Razika Adnani : Non. Pour moi, c’est une recommandation qui concerne l’apprentissage de la langue arabe et non la lutte contre l’islamisme ou le radicalisme, qui doit passer plutôt par un enseignement qui développe l’esprit critique chez l’élève, sans aucune distinction entre celui qui est issu de famille musulmane et un autre. C’est également en cessant de mettre constamment l’islam à l’abri de tout esprit critique et en libérant la pensée créatrice et rationnelle des obstacles épistémologiques et psychologiques qui la bloquent quand il s’agit de l’islam, et cela ne concerne pas uniquement les musulmans, qu’on pourra contrer l’islamisme et le radicalisme. Ce sont des conditions nécessaires pour le travail au sein de l’islam qui conduira à sa réforme comme je l’explique dans mon dernier ouvrage « Sortir de l’islamisme ».
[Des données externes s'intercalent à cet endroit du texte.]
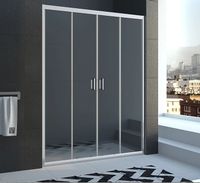 Душевая дверь Veconi Vianno VN-45 190 VN45-190-01-19C1 профиль Хром стекло прозрачное — фото 2, Душевые двери в нишу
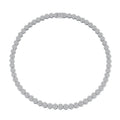 Fulgida Moissanite Tennis Necklace in Sterling Silver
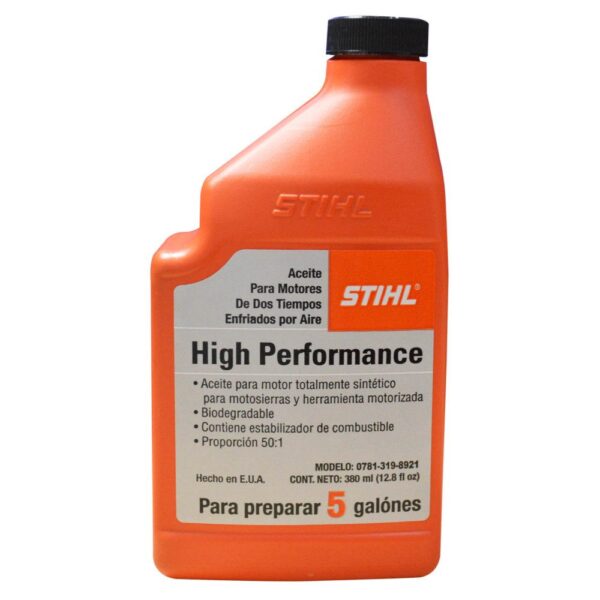 ACEITE PARA MOTORES STIHL 2 TIEMPOS (380 ML)(12.8 FL OZ) (07813198921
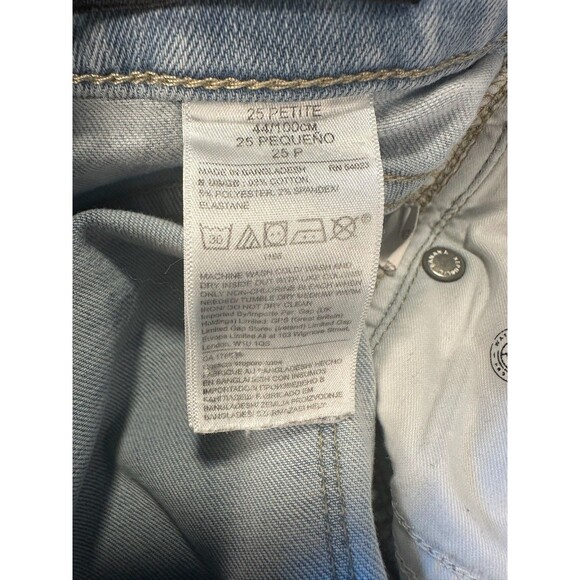 Banana Republic Wmns 25 Mid Rise Straight Jeans Light Blue Premium Denim Casual - Picture 7 of 8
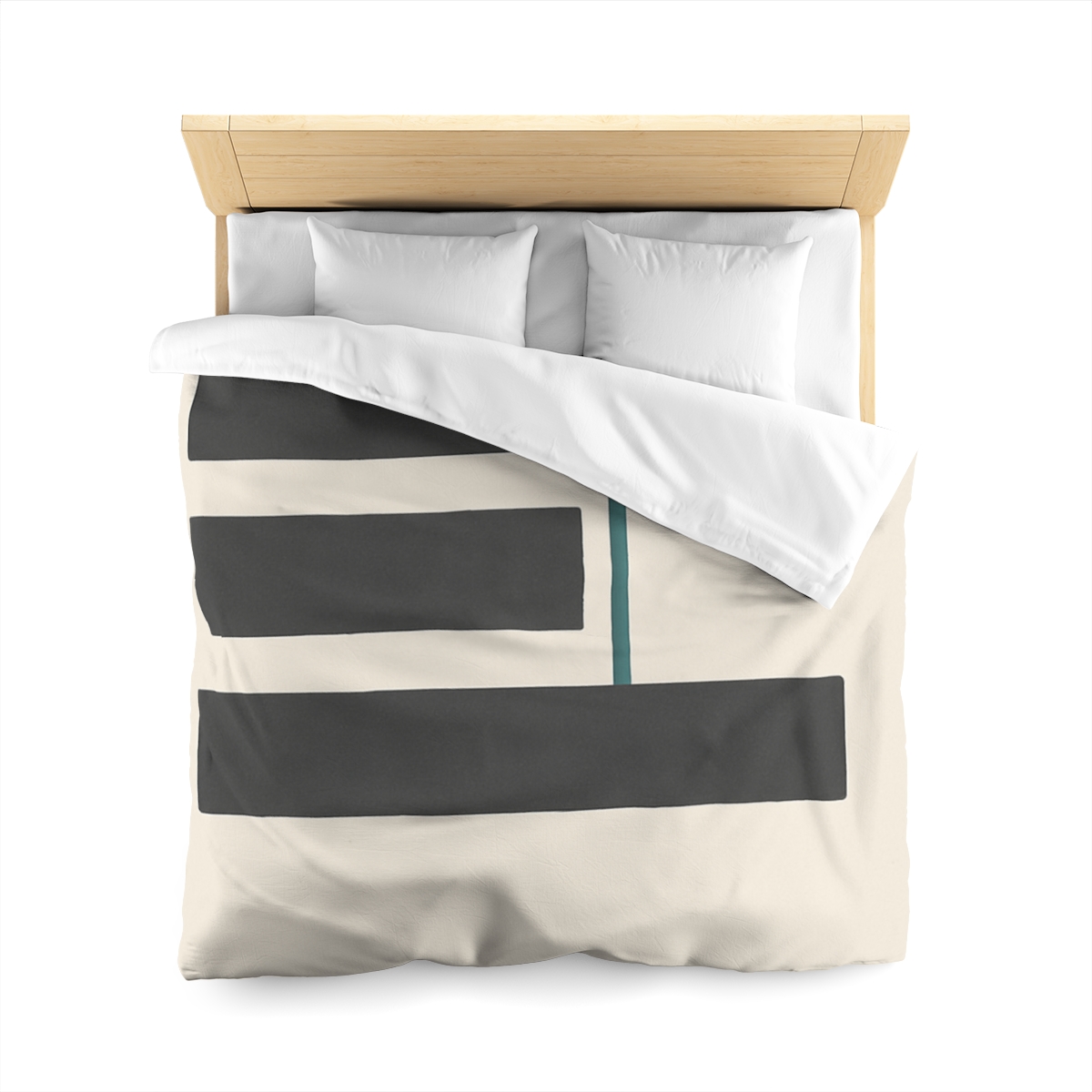 Staggered Bars With Quiet Opening designer printed duvets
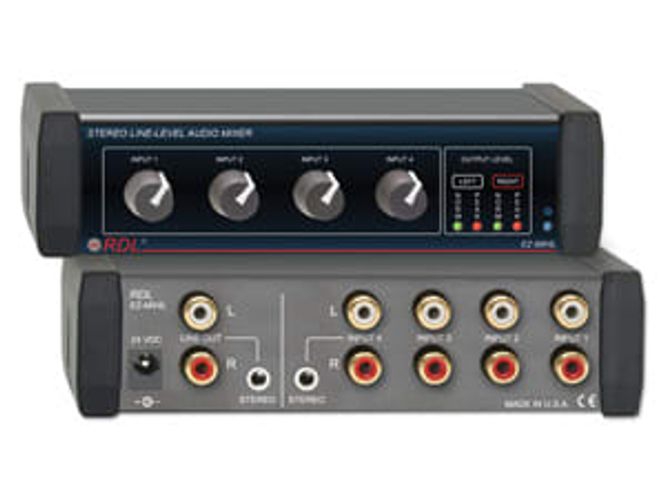 Hovedbilde RDL Mixer Stereo Linje 4:1 3,5mm & RCA ut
Si l’apprentissage de la langue arabe est nécessaire dans certains domaines de recherche et de travail, prétendre qu’il est un moyen pour contrer l’islamisme ou lutter contre le radicalisme islamique est démentie par la réalité. L’exemple des pays du sud de la Méditerranée que l’arabisation n’a pas protégés du fondamentalisme et du conservatisme islamiques en est une preuve. Ouvrir davantage de classes d’arabe n’empêchera pas non plus les parents d’envoyer leurs enfants à la mosquée, comme le pensent certains. Les parents envoient leurs enfants à la mosquée pour apprendre l’islam, même s’ils apprennent également l’arabe, qui est intimement lié à l’islam.
Je rappelle que lJe rappelle que le rapport préconise davantage d’apprentissage de la langue arabe à l’école pour les enfants de familles musulmanes, non pas comme une langue comme les autres, mais comme remède contre la montée de l’islamisme et pour contrer le radicalisme. Cela revient à dire que cet apprentissage ne sera pas un choix, comme les autres langues et pour les autres enfants, mais une obligation. Il sera imposé par l’État aux enfants dont les parents sont musulmans et dans les établissements à grande densité musulmane. En revanche, il sera proposé aux autres élèves et dans les autres établissements qui, logiquement, ne sont pas concernés par le problème d’islamisme comme un choix parmi d’autres, ce qui signifie traiter les enfants de familles musulmanes différemment à cause de la religion de leurs parents.
Quelles conséquences sur ces enfants qui n’auraient pas le droit de choisir la langue qu’ils voudraient apprendre et qui comprendraient qu’on leur impose cette langue comme remède à leur éventuelle radicalisation ? Si la langue est le premier facteur d’intégration, la société leur reprochera-t-elle demain de ne pas bien maîtriser le français comme les autres Français et de ce fait de ne pas être assez intégrés ? Que fera-t-on des parents qui refusent que leurs enfants apprennent l’arabe à l’école comme c’est déjà le cas, des parents qui préfèrent que leurs enfants apprennent le français à l’école, notamment quand ils parlent l’arabe à la maison ? Seront-ils accusés d’exposer leurs enfants à l’influence l’islamiste et le frérisme ? Je pense que ce sont des questions qui méritent d’être posées.
Le développement de l’apprentissage de la langue arabe comme solution contre l’islamisme est l’une des propositions du rapport de l’Institut Montaigne, qui remonte à 2018. Le fait que le rapport sur les Frères musulmans reprenne cette proposition montre que les recherches sur les Frères musulmans en France ne proposent pas de solution, mais se contentent plutôt de décrire leur idéologie et d’en souligner le danger. Cela confirme qu’en dehors d’un travail au sein de l’islam, on ne peut y avoir réellement de solution.